Our dog got hit with a car last Fri . He has a dislocated hip & Multiple injuries on 1 leg , mostly on toes. They are not healing yet. The vet is talking of amputating his leg. What is your opinion? We do not have Insurance & saving the leg would be very expensive.
Submitted: 2 years ago.
Category: Dog
Expert:  Dr. Susan replied 2 years ago.
Dr. Susan :

Hi, I can help you with your question today.

Dr. Susan :

Help me understand his injuries a bit more.

Dr. Susan :

Is his hip still dislocated?

Customer:

He has a dislocated him, multiple injuries on his right back leg, particularly on his toes, which the vet says is more complicated!

Dr. Susan :

Did they give you an estimate for surgery if they were to repair everything?

Customer:

Yes hip is still dislocated. He is on painkiliiers, antibiotics & bandaged since Fri.

Customer:

They say it will be costly. No figure mentioned. They say if we had Insurance thy would save leg, but no decision yet, They are waiting for wounds to heal. Is it too soon?

Dr. Susan :

Too soon to make a decision?

Customer:

Too soon for wounds to heal?

Dr. Susan :

Oh yes, 3 days is a short period, I'm not surprised that wounds would still be healing. It generally takes 10-14 days for skin wounds to fully heal together.

Customer:

Is it more difficult when it is the toes? They say if it was further up the leg not such a problem

Customer:

Also, is it very difficult for a dog with 3 legs. Have we an alternative?

Dr. Susan :

How much does he weigh?

Customer:

I don't know, He is a big dog. Like a labrador, but he is a mixture.

Customer:

Hello!!!!

Dr. Susan :

I see, it is more difficult for larger dogs to lose a limb compared to smaller dogs.

Customer:

Have you any other advice?? What about my query regarding the toes etc?

Dr. Susan :

Absolutely, just one moment. I have paused the imer.

Dr. Susan :

I'm sorry about that, I had a client call!

Dr. Susan :

We have a few different options here.

Dr. Susan :

There are some intermediate steps between surgery to fix everything versus amputation.

Customer:

Yes?? What are they???

Dr.

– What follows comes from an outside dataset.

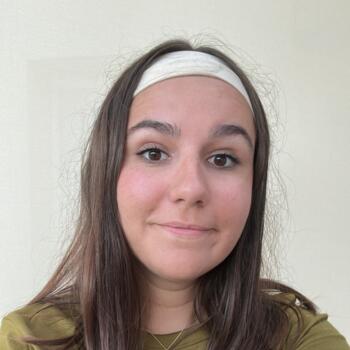 Babysitter in Angers: Alicia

Susan :

For example, we could repair the toes, but rather than trying to fix the hip, we could do a procedure called an FHO.

Dr. Susan :

This is removing the head of the femur (the ball of the "ball and socket" joint).

Dr. Susan :

This is something that the dogs can do very very well with in terms of recovery and comfort.

Dr. Susan :

Other than the toes and the hip, does he have any other fractures of the femur or tibia or fibula.

Customer:

We don't think so--not sure. They only mentioned toes & hip. Are the toes a problem?

Customer:

Is the procedure FHO expensive?

Dr. Susan :

I really would not consider the toes a big issue. I do think it would be reasonable to have his hip handled (this is the priority) and then allow the toes to heal on their own.

Dr. Susan :

The FHO can be significantly cheaper than trying to surgically re-place the hip.

Dr. Susan :

Let me back up on the hip issue a bit.

Dr. Susan :

First, he will not be able to bear weight with his hip dislocated.

Dr. Susan :

In order to make him use the leg again, we have 3 options.

Customer:

Would the same apply if the toes were broken/

Dr. Susan :

1) re-place the hip under anesthesia using some specific leg maneuvers and a lot of muscle. This is called closed reduction. This is often not successful, and even if it is - the hip frequently pops back out eventually.

Dr. Susan :

2) re-place the hip surgically. This is called open reduction. Even this is not always successful, but it has a much higher success rate than closed reduction.

Dr. Susan :

3) FHO. This is what we discussed above. Sometimes we go through all 3 steps. Try closed reduction - failure. Try open reduction - failure. Move on to FHO to salvage his use of the leg.

Dr. Susan :

We can skip steps 1 and 2 and go straight to 3 to save money.

Dr. Susan :

The cost will depend greatly on your location and who the surgeon is.

Dr. Susan :

Some general practice doctors will feel comfortable with the surgery, and this would certainly be cheaper than using an orthopedic surgeon.

Dr. Susan :

I think your cost could range from 1,000-2,000.

Customer:

Can you send me this info in an E mail?

Dr. Susan :

I would have to see the x-rays of the toes to see just how badly they are injured, but I am having trouble imagining that they are so bad that we would need to perform significant surgical repair.

Dr. Susan :

You can click the "save and exit" link to keep it. You can also copy-paste into a word document.

Dr. Susan :

If these fail, I can request that customer service email the conversation to you.

Customer:

I just don't want to lose it. I hope there is not an extra charge to E mail?/

Dr. Susan :

I certainly don't think so!

Customer:

Thank you for all that info. We were confused & didn't know what to do.

Customer:

Have you any other advice???

Dr. Susan :

How about pain control. What are you using for him right now?

Customer:

He is not at home. He s in the Clinic/hospital--with a big charge every day, I'm sure.

Dr. Susan :

That's my only other concern right now, but I'm sure they are staying on top of that at the hospital.

Dr. Susan :

Long term you may want to do some physical therapy.

Customer:

They are talking of waiting for toes o heal. Should we emphasise the hip procedure more

Customer:

If he came home for while--while waiting for toes to heal, (as was mentioned)would he be in a lot of pain from hip? Should hip be a priority?

Dr. Susan :

Yes, I think it is a good idea to at least ask. If they had any hope of closed reduction it gets less and less possible to get the hip back into socket. The muscles go through contracture and they can begin to fibrose to the point that we cannot physically get them to stretch.

Customer:

Have you any more advice/

Dr. Susan :

I think that's everything right now. If you have more questions or if I can help in any other way, please do not hesitate to ask! If you would like to accept my answer, please press RATE OUR CONVERSATION.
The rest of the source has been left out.